The Orbweaver Chroma’s mechanical keys are Razer’s “green” key switches with 50g of actuation force. They’re tactile and clicky, with a great feel. Similar to Cherry Blue switches.
That doesn’t mean you should ignore the Tartarus V2. The Mecha-Mechanical keys, despite not being fully mechanical, have a good tactile feel as well. No mushy keys here.
If it’s fully mechanical keys or nothing for you, you’ll want the Orbweaver Chroma. Otherwise, continue on to the rest of the features.
The Orbweaver has 30 programmable keys, and the Tartarus V2 has 32.
The discontinued Tartarus V1 had only 25, so either is a step up.
The difference between 30 and 32 keys comes down to the added scroll wheel on the Tartarus V2.
It takes the place of one standard key, and can be given three functions – scroll up, scroll down, and press.
I find the extra scroll wheel is most helpful for zooming or scrolling through inventory items.
The thumb pads are different as well.
The Tartarus V2 gives you two options.

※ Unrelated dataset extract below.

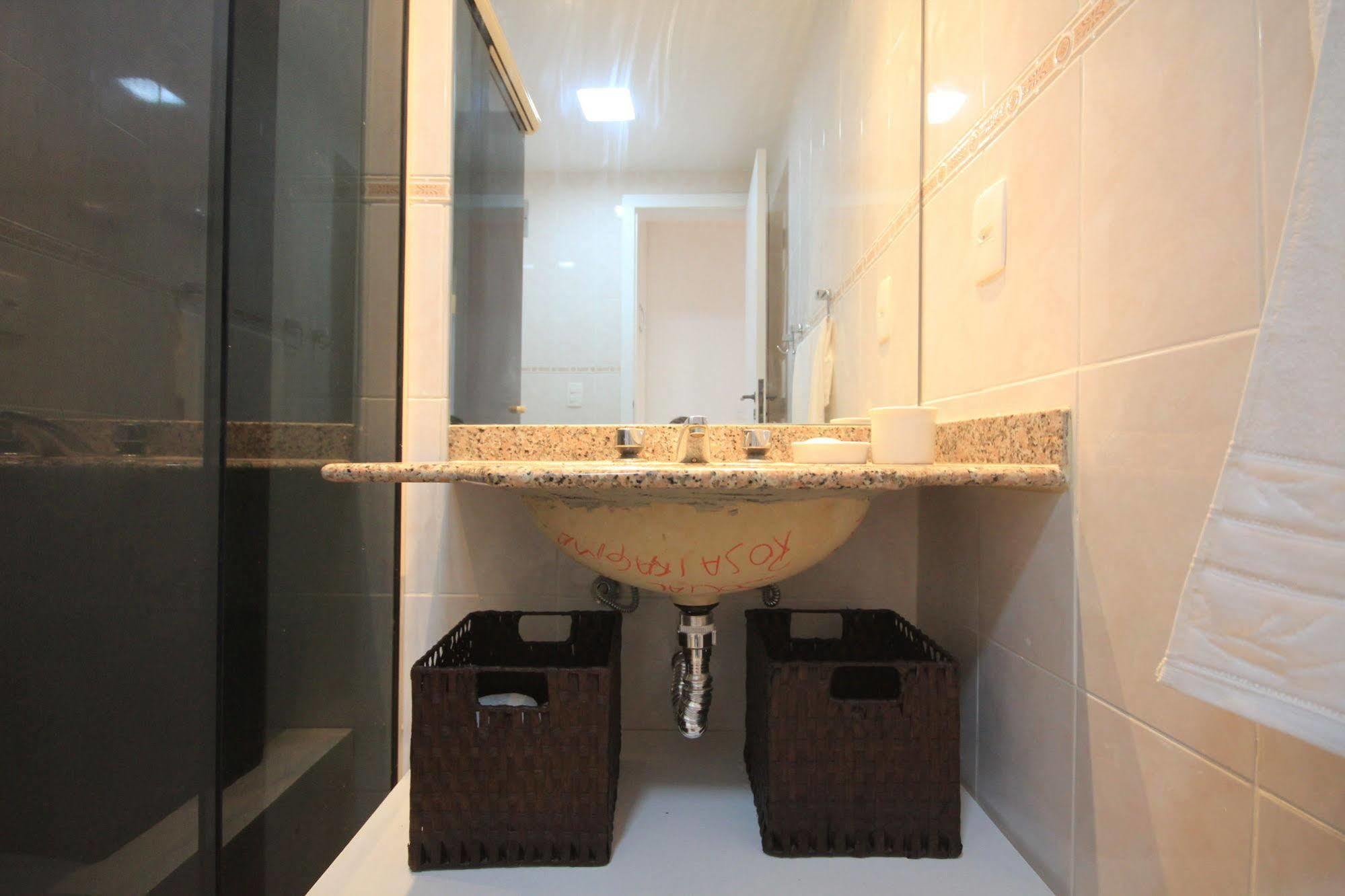 Ferienwohnung Senna 1804 Rio de Janeiro Exterior foto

It has a joystick cap for the thumb. This can be removed to expose a d-pad, similar to what you’d find on a console controller.
The Orbweaver has a hat button, also 8-way. I find it’s more wobbly and less precise than the Tartarus’s options. It’s best to program it for 2 or 4 functions so you don’t misclick.
One more thing on keys – there is also a model called the Tartarus Pro. About the only difference between the Tartarus Pro and V2 is that the pro has analog keys.
Analog keys respond to different levels of pressure from your fingers. The only good use I can think of is for analog keys is the throttle on racing games. But, you’re better off using a wheel and pedals if you’re serious about those.
I’d recommend most people skip over the Tartarus Pro and stick to comparing the Orbweaver Chroma and Tartarus V2 gaming keypads.
Shape and Adjustment
One big disclaimer on the shape – these keypads are for your left hand only.
Lefties who use their mice left-handed will need to look elsewhere. Seems the only options are off-brand keypads.
That said, Razer’s stuff is quite comfortable for left-handed use – more so than a typical keyboard.
The Orbweaver offers a lot more adjustment than the Tartarus.
This makes the Orbweaver a better choice if you have especially long or short fingers.
On the Orbweaver Chroma, you can do the following:
- Slide wrist rest forward or back
- Tilt the angle of the palm rest
- Slide the thumb buttons closer or further away
On the Tartarus, you only get one level of adjustment. The hand rest can be pulled off and repositioned. Forward position for shorter hands, back position for longer hands.
Both models come with a 2-year warranty, which is pretty good compared to the 1-year warranty many peripherals come with.
Typically, it’s about $30 less on Amazon.
Overall, the Tartarus is a better value.
It largely has the same features – with the exception of mechanical keys and some additional adjustment.
The Mecha-Mechanical keys on the Tartarus V2 are surprisingly good. The addition of the scroll wheel is nice. The thumb pad gives you more options and is more precise.
Top that off with a lower price, and the Tartarus V2 looks like the better way to go for most people.
Should anybody go with the Orbweaver Chroma instead?
If you have short or very long fingers and value comfort, yes, you should opt for the Orbweaver. It’s far more adjustable.
Or, if you’re dead-set on fully mechanical keys, the Orbweaver is the one to buy.
Otherwise, save some money. I think you’d be quite pleased with choosing the Tartarus V2 instead.